▸ **What you have to do**
Exactly as written, retype the lines that run from the line holding "NJ license plate I26PMP" through the end of the records below. Do not include pictures.

▸ **Caption-style text data**
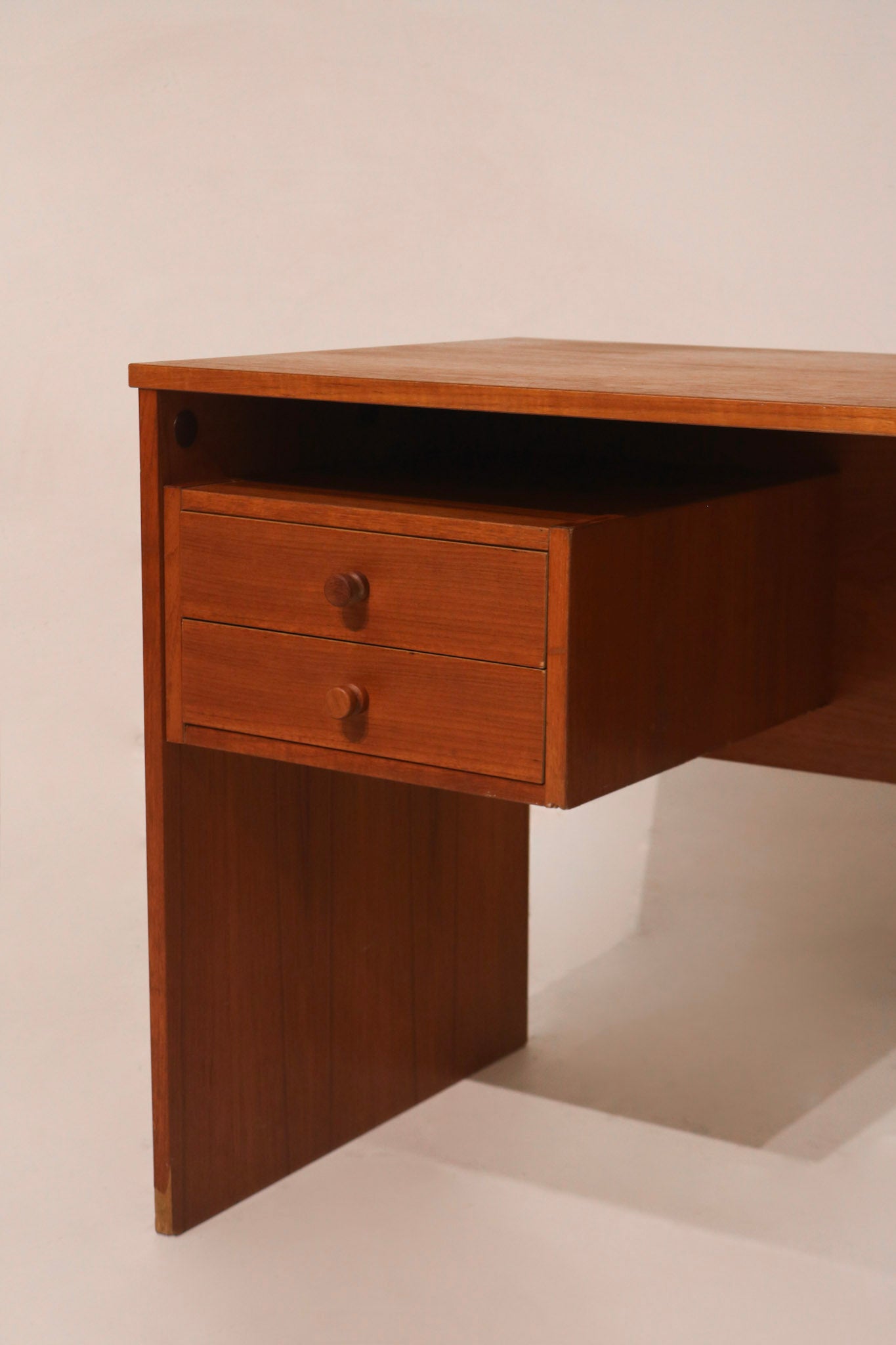 Vintage Danish Modern Teak Wood Desk Table With Drawers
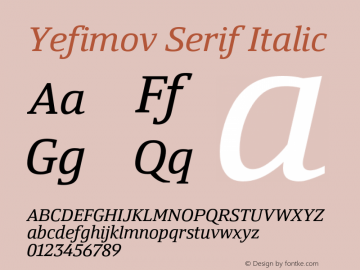 Yefimov Serif Italic Version 1.000图片样张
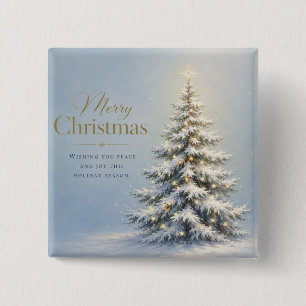 Badge Carré 5 Cm Joyeux Noël Sapin enneigé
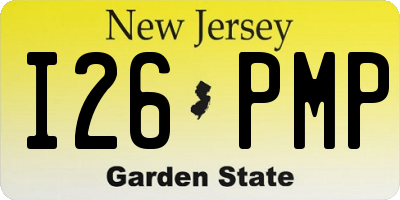 NJ license plate I26PMP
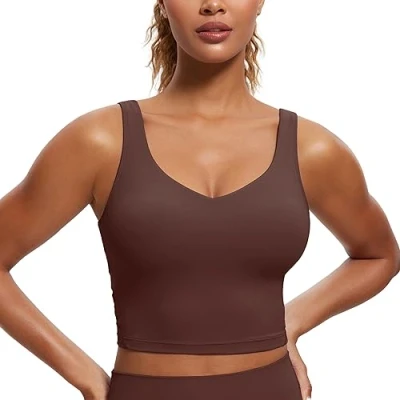 Image of CRZ YOGA Butterluxe Womens V Neck Padded Sports Bra Longline Workout Crop Tank Top with Built in Taupe XS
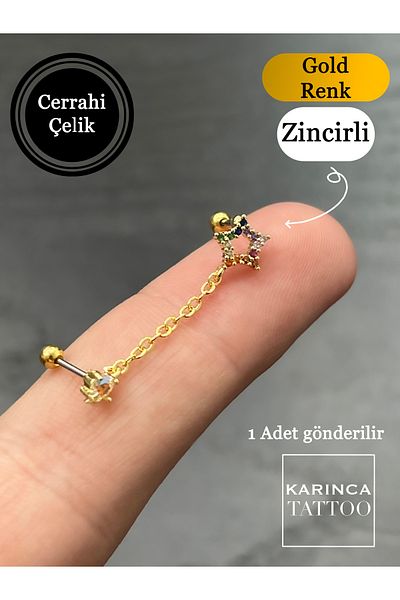 Karınca Piercing Star Chain Combination - Ear and Helix Tragus Piercing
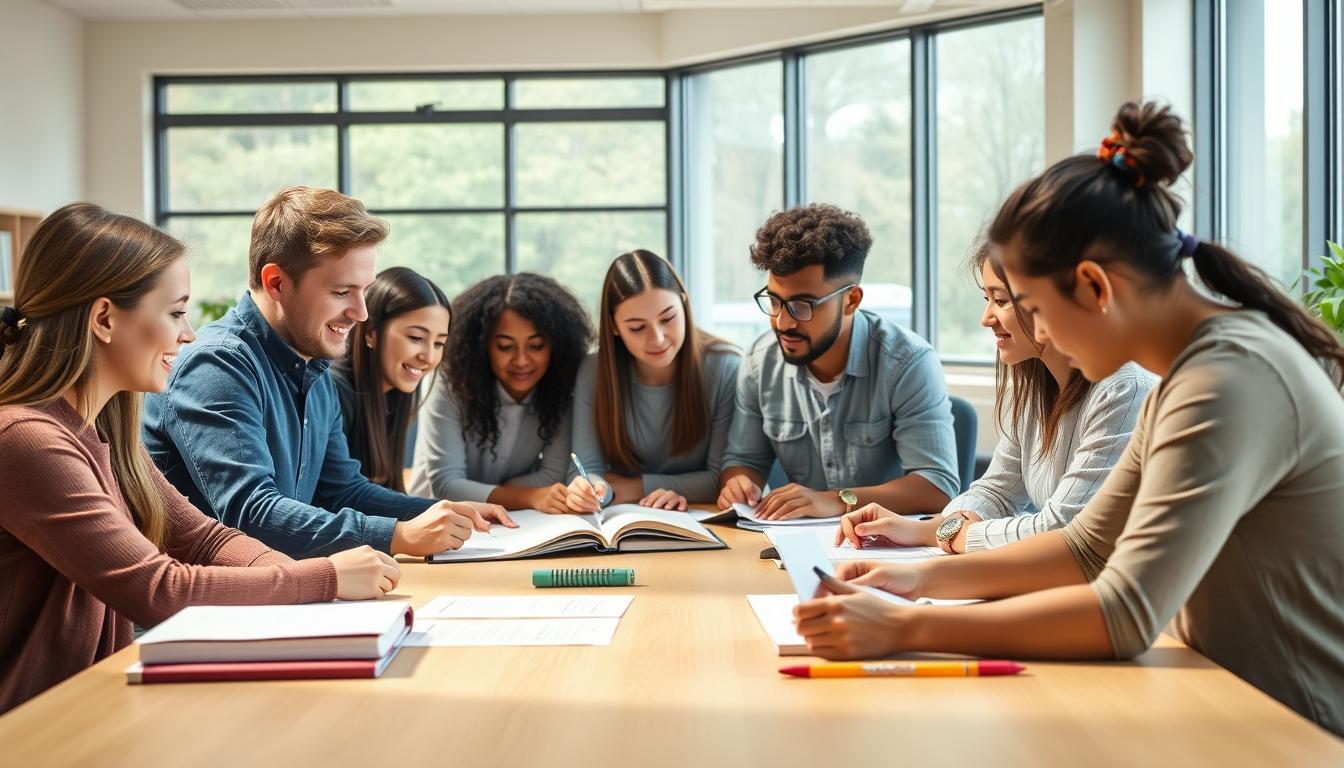Structured study materials and learning resources on a desk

▸ **Response to the exercise**
 NJ license plate I26PMP
 Image of CRZ YOGA Butterluxe Womens V Neck Padded Sports Bra Longline Workout Crop Tank Top with Built in Taupe XS
 Karınca Piercing Star Chain Combination - Ear and Helix Tragus Piercing
Structured study materials and learning resources on a desk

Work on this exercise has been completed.